> Data provided
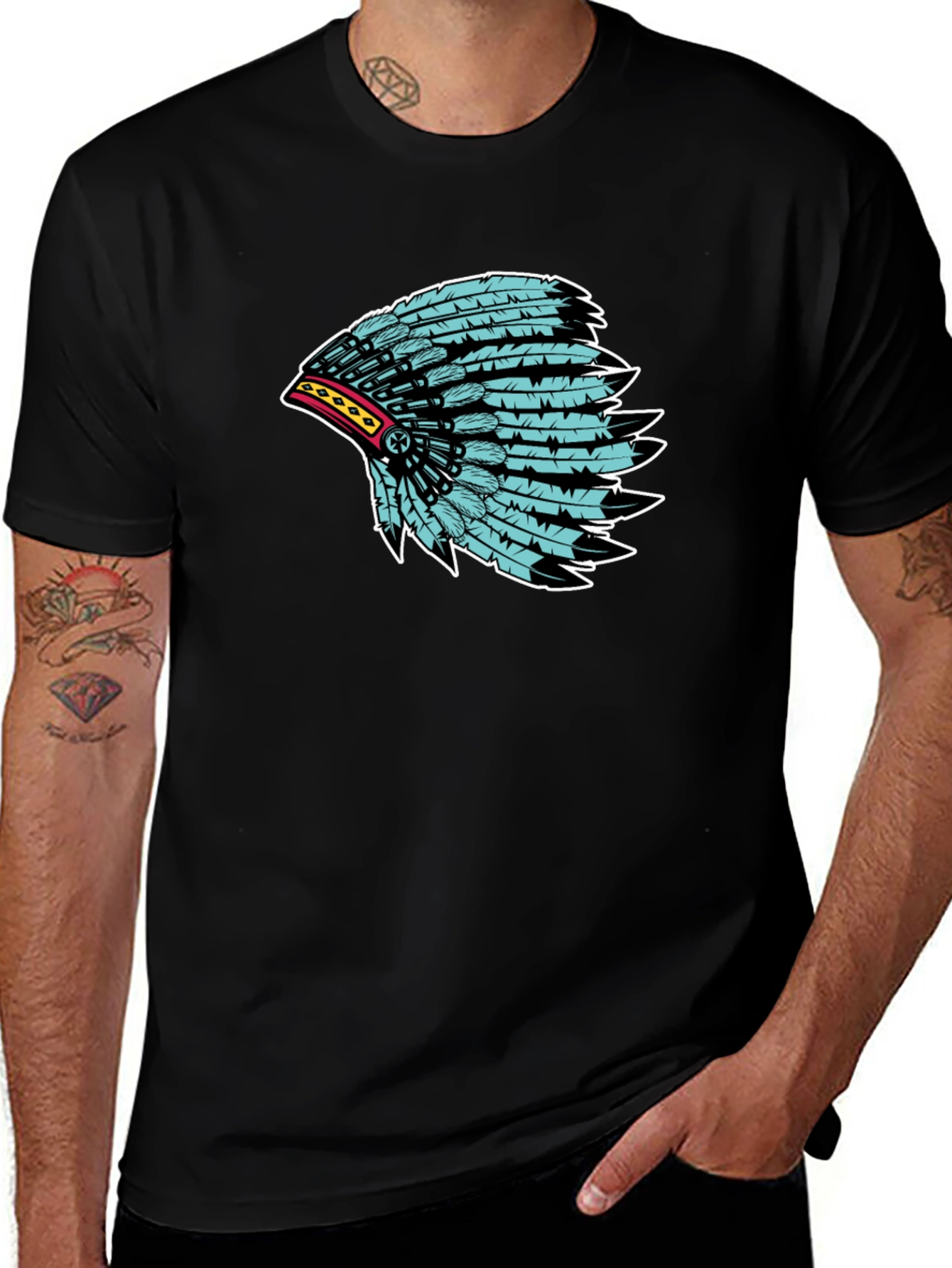 Variant 16 of Native Headdress Graphic Tee - Black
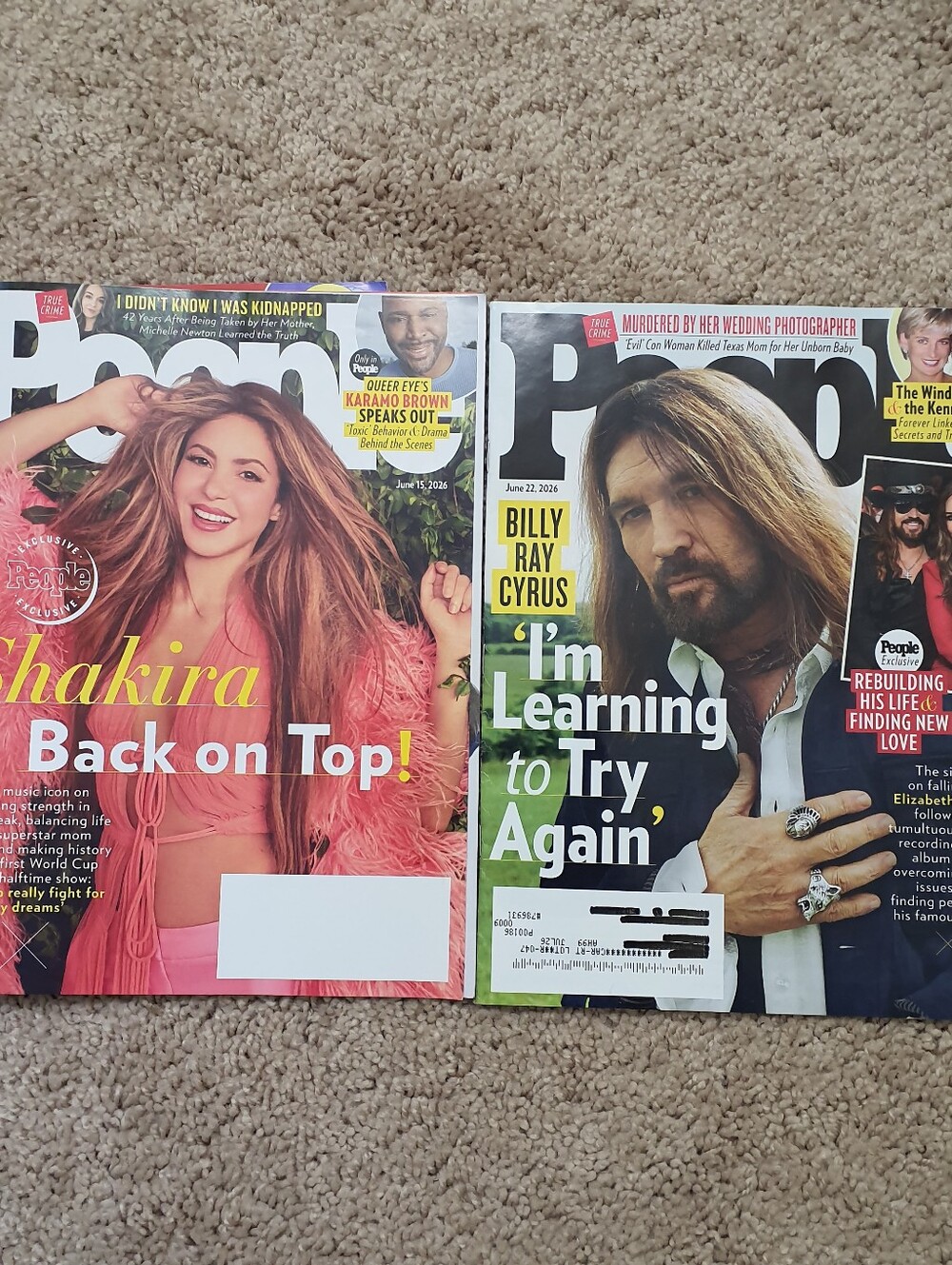 People Magazine Lot Of 2 June 2026 Issues featuring Shakira Back on Top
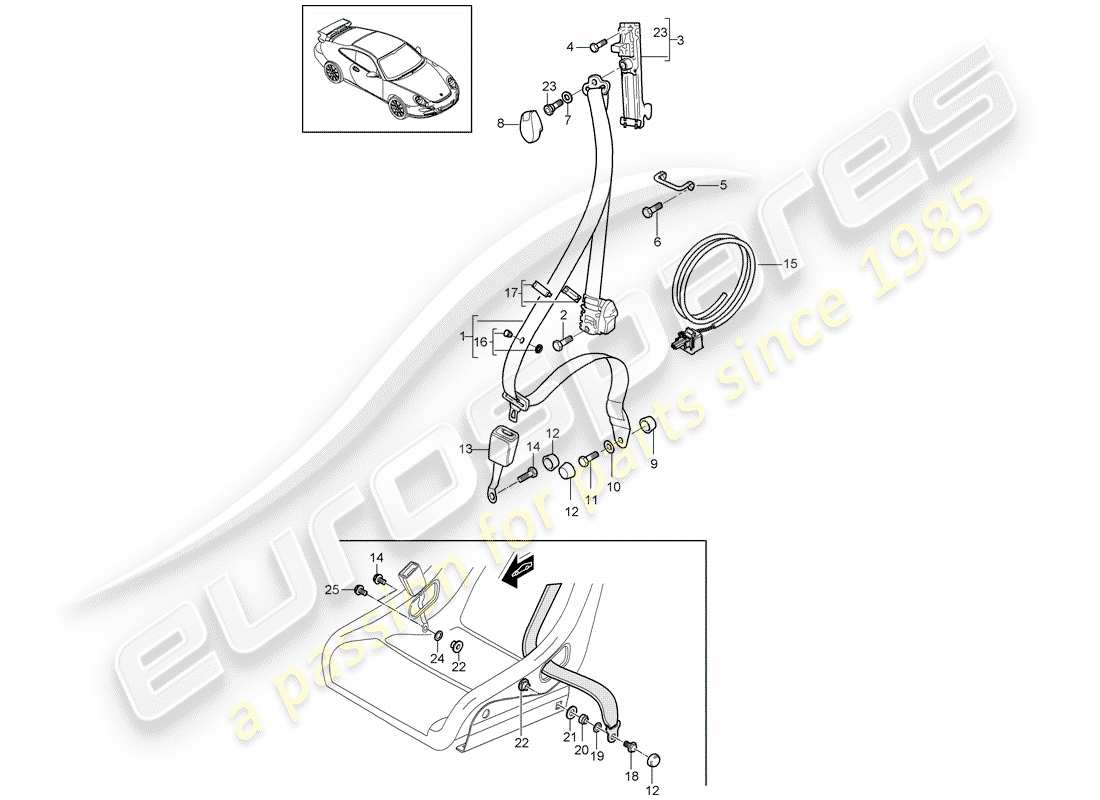a part diagram from the porsche 997 parts catalogue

> Aim of the task
The material above must be set down word for word, with no picture carried over.

> Solution
 Variant 16 of Native Headdress Graphic Tee - Black
 People Magazine Lot Of 2 June 2026 Issues featuring Shakira Back on Top
a part diagram from the porsche 997 parts catalogue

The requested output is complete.